Have you tried restarting your HA instance, say, every 7 days, to see if the problem goes away?

Whilst, in principle, HA should be able to run indefinately, there are many things that may cause problems to build up over time.

Personally, I have an automation that restarts HA at 2 am every day.

1 Like

You can’t have too many routers. :grin:

Actually, small houses are often more problematic for Zigbee because there are more obstructing walls - I’d say your approach was exactly right. I have a small Victorian house (tiny rooms, thick walls) and it took about 30 routers to make the network stable.

1 Like

Yes that’s exactly what I thought about doing - I was looking for the right command to restart it - would you be able to share me your template please so I can have a look? Or do you reboot HA entirely?

Haha good to know!

Yeah the walls here are thick brick walls so it doesn’t travel far.

Maybe I need to look elsewhere, I’m using IKEA plugs as the routers (and one bulb)

Do you think it’s worth me getting the devices to rebuild the network?

You can get little USB routers - manufacturers sometimes market them as “extenders” - not very expensive and don’t take up much space. Two or three of those might make a difference.

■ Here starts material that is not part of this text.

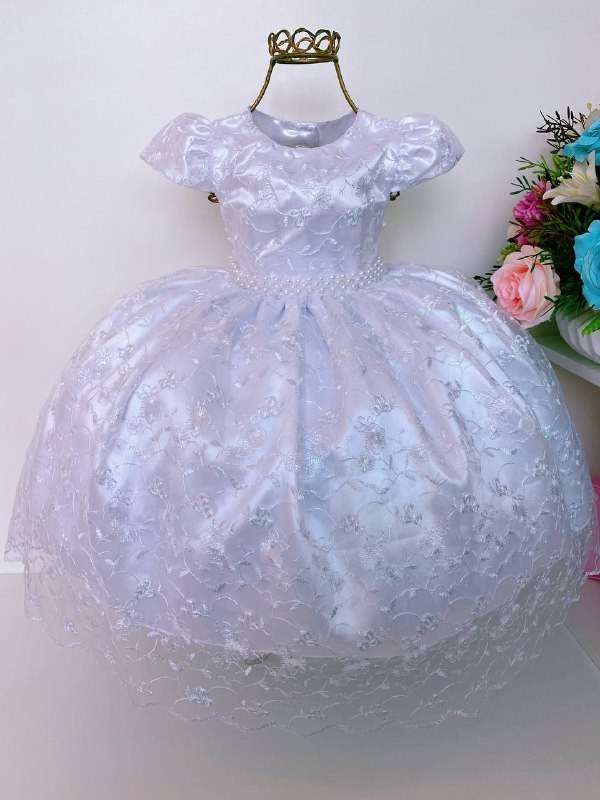 Vestido Infantil Realeza Renda Branco Festas Luxo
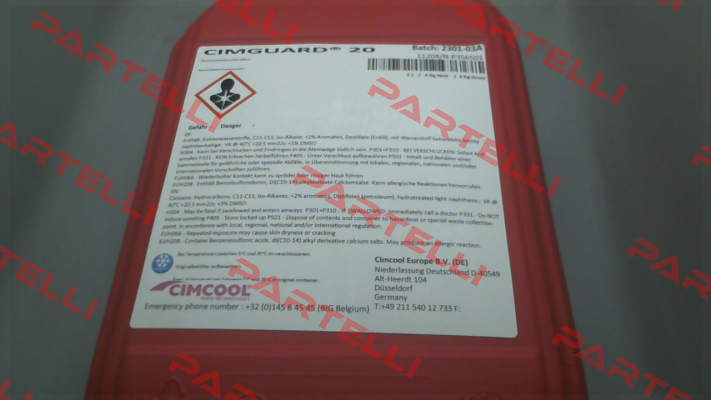 Cimguard 20 (5L container) Cimcool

Beware of these, at least the Tuya ones. There are reports here that they were black-holing messages. Basically, they were doing the opposite of what they were supposed to do.
Not sure if this was fixed in future revisions, but the only dedicated USB repeaters which have been reported as reliable are either the Ikea ones or a zigbee coordinator flashed with router firmware.

1 Like

Hi @Sammyjo20

To restart HA I use

action: homeassistant.restart
data: {}

However, my actual automation is more complex. On Sundays it restarts the host. It will also install certain updates.

1 Like

Thank you for the replies everyone. So far I turned off the Home Assistant container for at least an hour to let all the Zigbee devices go into panic mode, I’ve since turned it back on and everything seems to be working still - hopefully it’s healing and optimizing itself.

I’ve also setup an automation which restarts HA at 3am every Monday which should also fix any issues where buffers (or something) gets filled up and maybe will stop the “max messages” errors I was getting.

Next time it happens I’ll also update this post with any further logs.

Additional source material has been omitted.